§ INPUT DATA:
============================================================

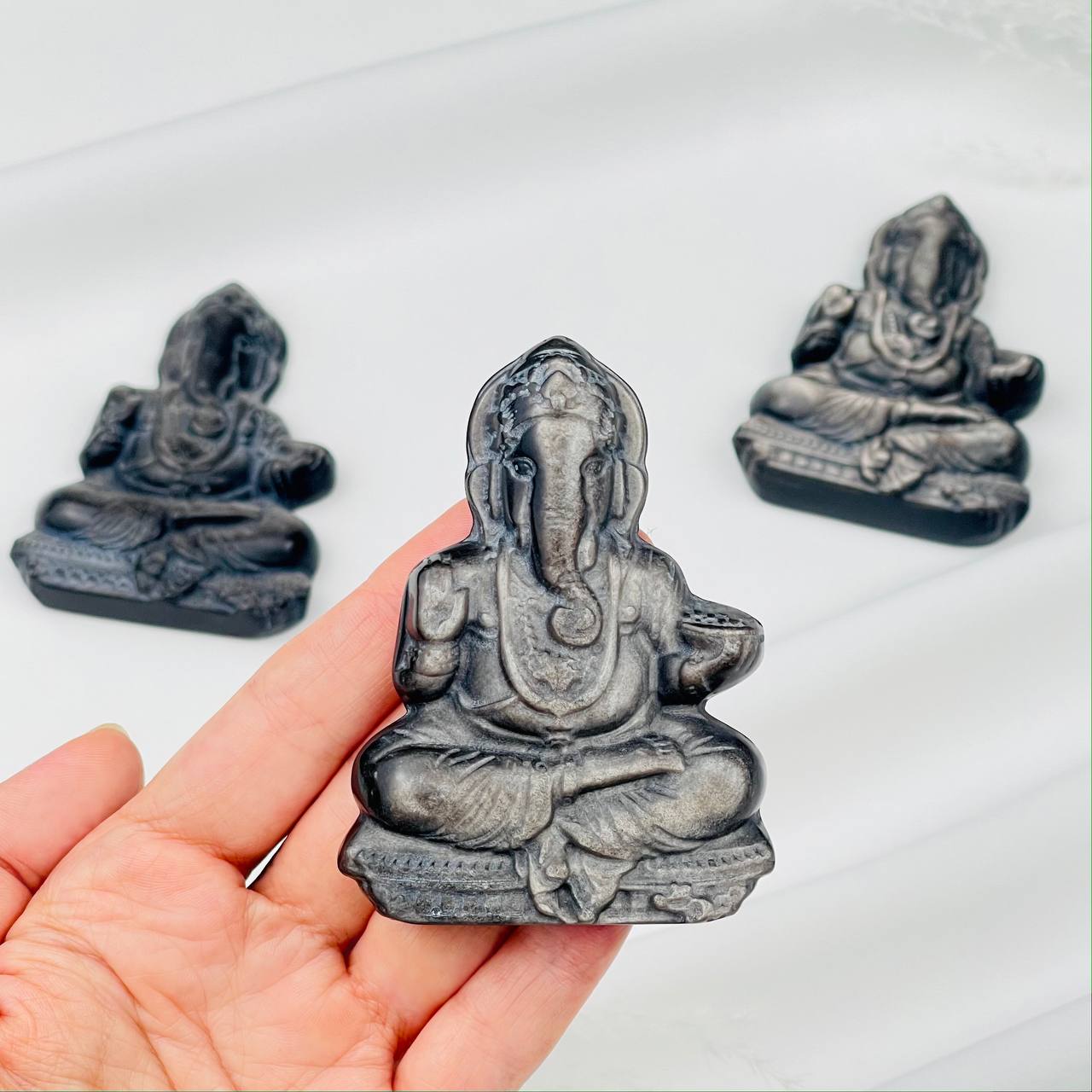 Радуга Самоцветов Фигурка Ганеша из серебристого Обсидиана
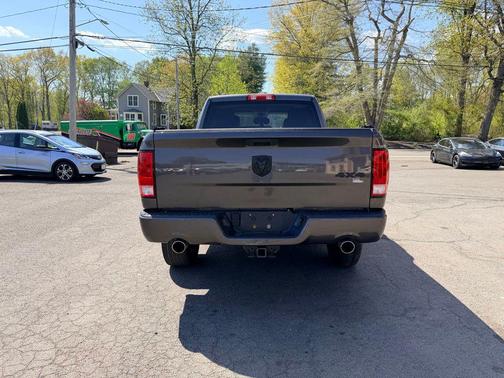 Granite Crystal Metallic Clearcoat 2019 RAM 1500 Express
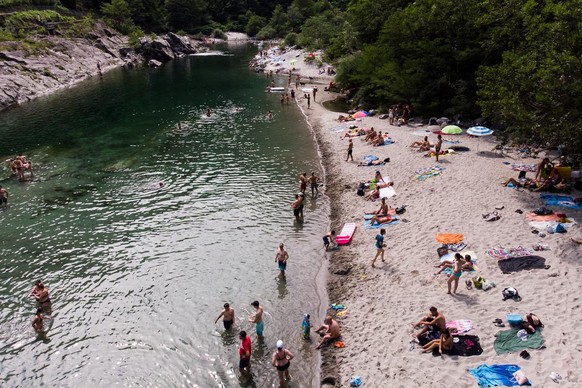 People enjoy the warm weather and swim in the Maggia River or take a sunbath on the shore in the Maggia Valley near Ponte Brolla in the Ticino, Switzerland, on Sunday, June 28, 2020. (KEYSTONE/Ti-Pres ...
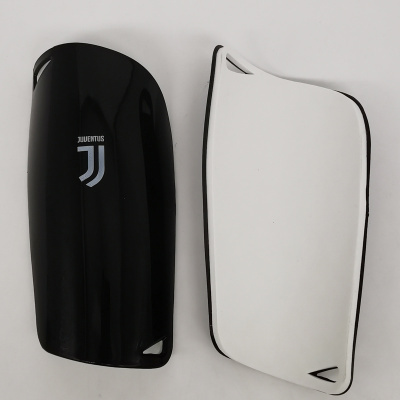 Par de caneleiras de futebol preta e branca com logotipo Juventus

============================================================

§ TASK BRIEF: All that is needed is the span from the line with "Granite Crystal Metallic" through the last line of the material above, reproduced exactly and free of pictures.

§ EXERCISE ANSWER:
 Granite Crystal Metallic Clearcoat 2019 RAM 1500 Express
 People enjoy the warm weather and swim in the Maggia River or take a sunbath on the shore in the Maggia Valley near Ponte Brolla in the Ticino, Switzerland, on Sunday, June 28, 2020. (KEYSTONE/Ti-Pres ...
 Par de caneleiras de futebol preta e branca com logotipo Juventus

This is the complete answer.